If you think you want to retire within five years, you'll want to fast-track your planning. Five years may seem like a long time, but it goes by fast, and you don't want to wait until the year you retire to start getting things in order.
Decide If You Think You'll "Work" in Retirement
Some define early retirement as the day they no longer have to work in their current profession or career, but they would still like to earn income pursuing a new career, hobby, or passion. For others, retirement means they will have reached a point where they will never work for money again.
If your definition of early retirement means you don’t want to pursue any money-making ventures, you will need to save significantly more than those who plan on earning money in some way or another.
Even if you plan on continuing to work part-time, keep in mind that statistics show that many people who planned on continuing to work in retirement do not actually do so. This statistic can be either because they can't find work or changed their minds and decide they'd rather live on less and have their time free.
Get an Investment Plan With a High Probability of Success
Once you have calculated the amount of savings and future income you will need, you’ll want to spend time researching the various ways you can structure savings and investments to produce consistent and reliable retirement income.
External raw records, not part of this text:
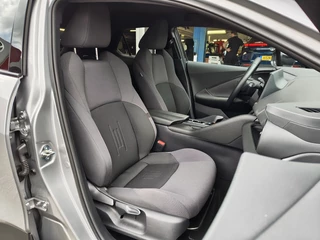 Toyota C-HR Toyota C-HR 1.8 Hybrid 140 Dynamic | Sensoren v/a | Keyless Entry | Stoelver - afbeelding nr 26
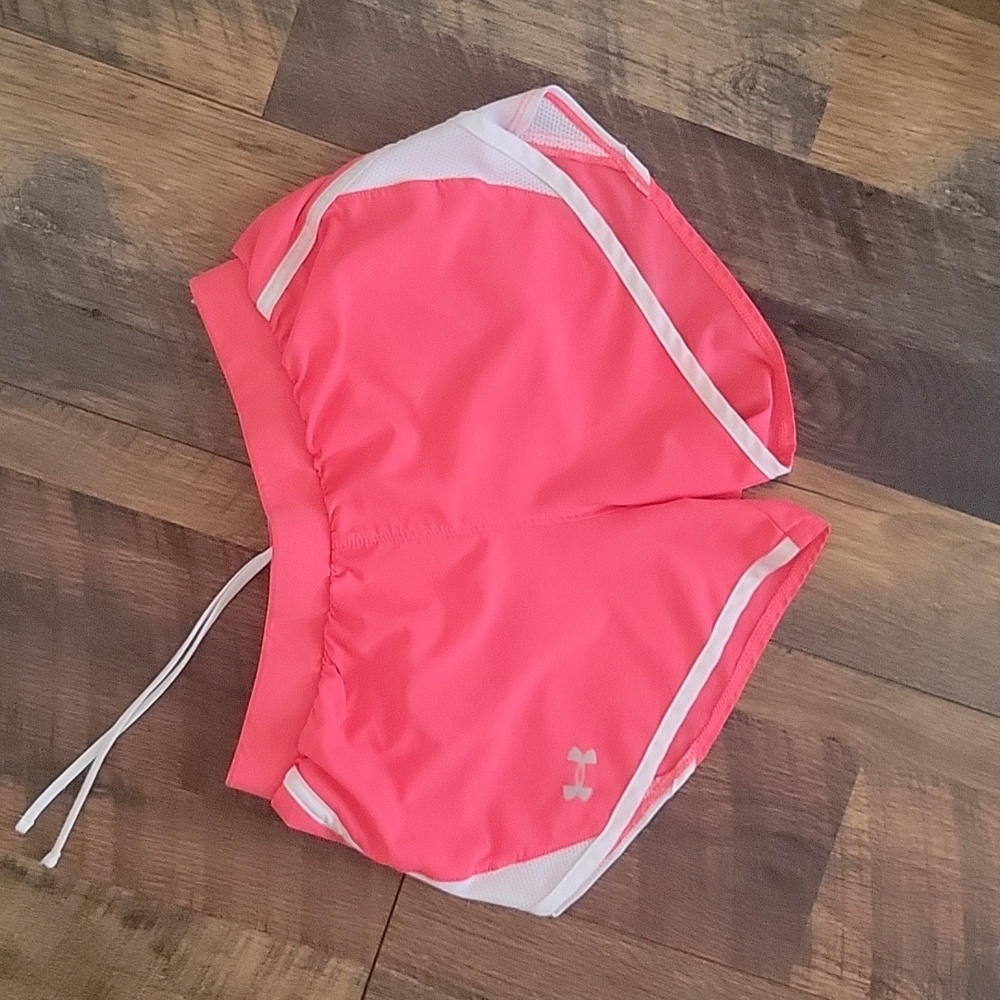 4/$20 Under Armour Women's Pink Shorts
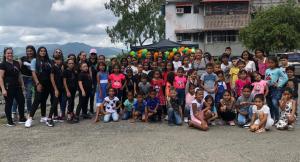Más de 100 niños vulnerables compartieron jornada social organizada por Academia de Modelaje en Guárico (FOTOS)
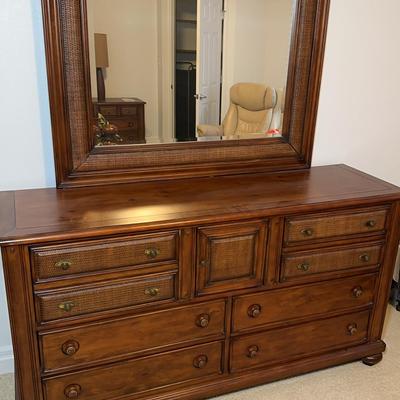 Bassett Tommy Bahama Style Dresser With Mirror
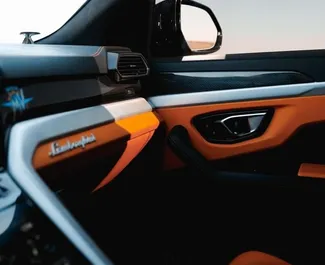Lamborghini Urus 2023 beschikbaar voor verhuur in Dubai, met een kilometerlimiet van onbeperkt.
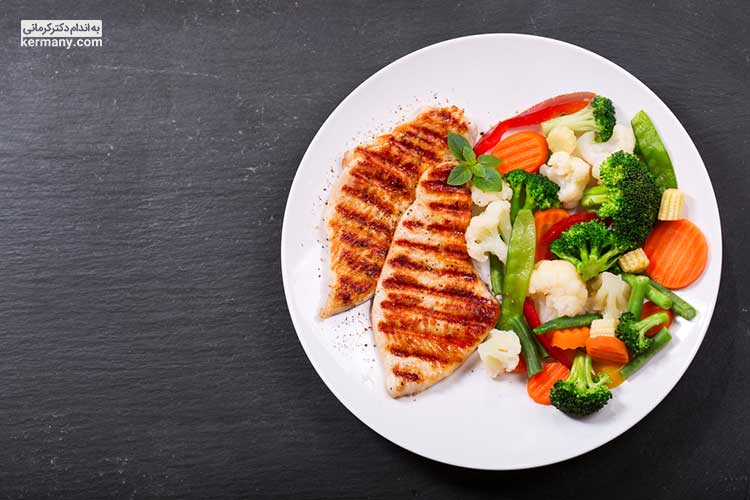 مصرف غذاهای پروتئینی به جای غذاهای پرچرب و پرکالری می تواند به چربی سوزی شکم کمک کند.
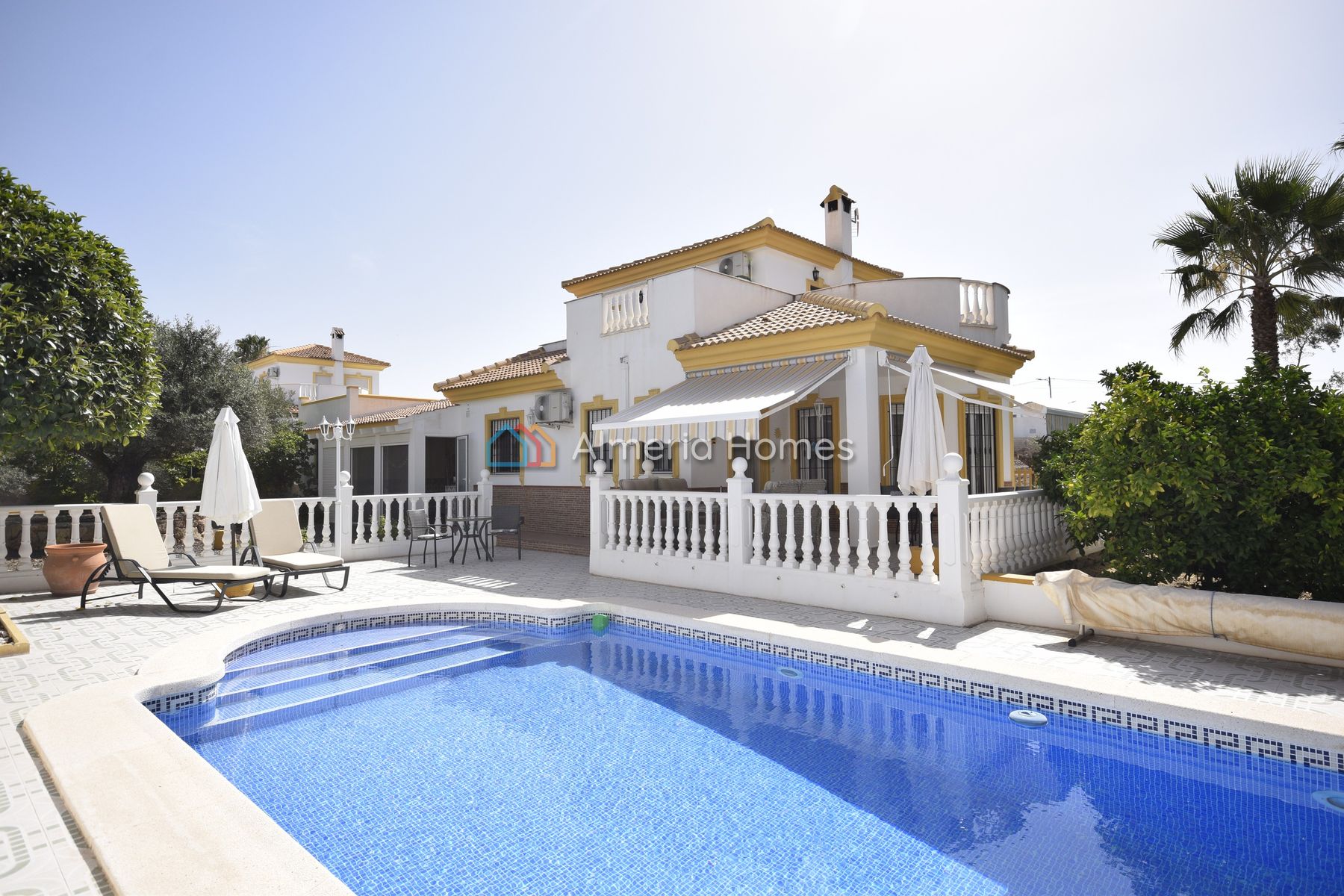 Villa Dream &mdash; Villa te koop in Arboleas, Almeria — Afbeelding #1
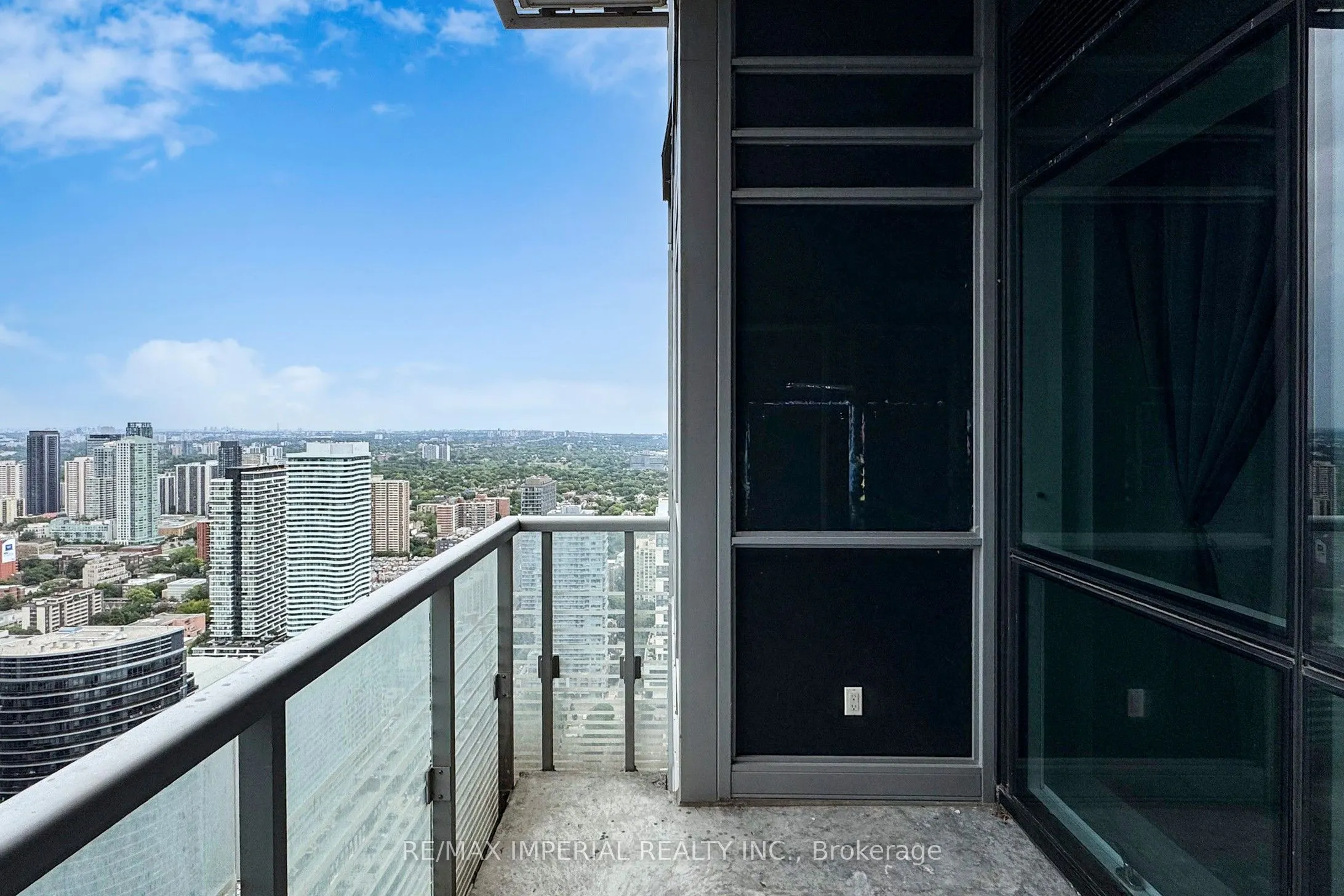 386 Yonge Street, #4801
Retirement is not the time to make quick, off-the-cuff decisions. Think about how much you know about your profession, the years of training and experience it took to gain that knowledge, and the amount of income it has paid you over your lifetime.
The investments you will now choose need to provide income for your remaining lifetime. You can’t afford to make mistakes, so take the time to do careful research, and don’t hesitate to seek qualified professional help.
And remember, the best retirement investments are chosen because they are part of a well-designed investment plan, not bought piecemeal.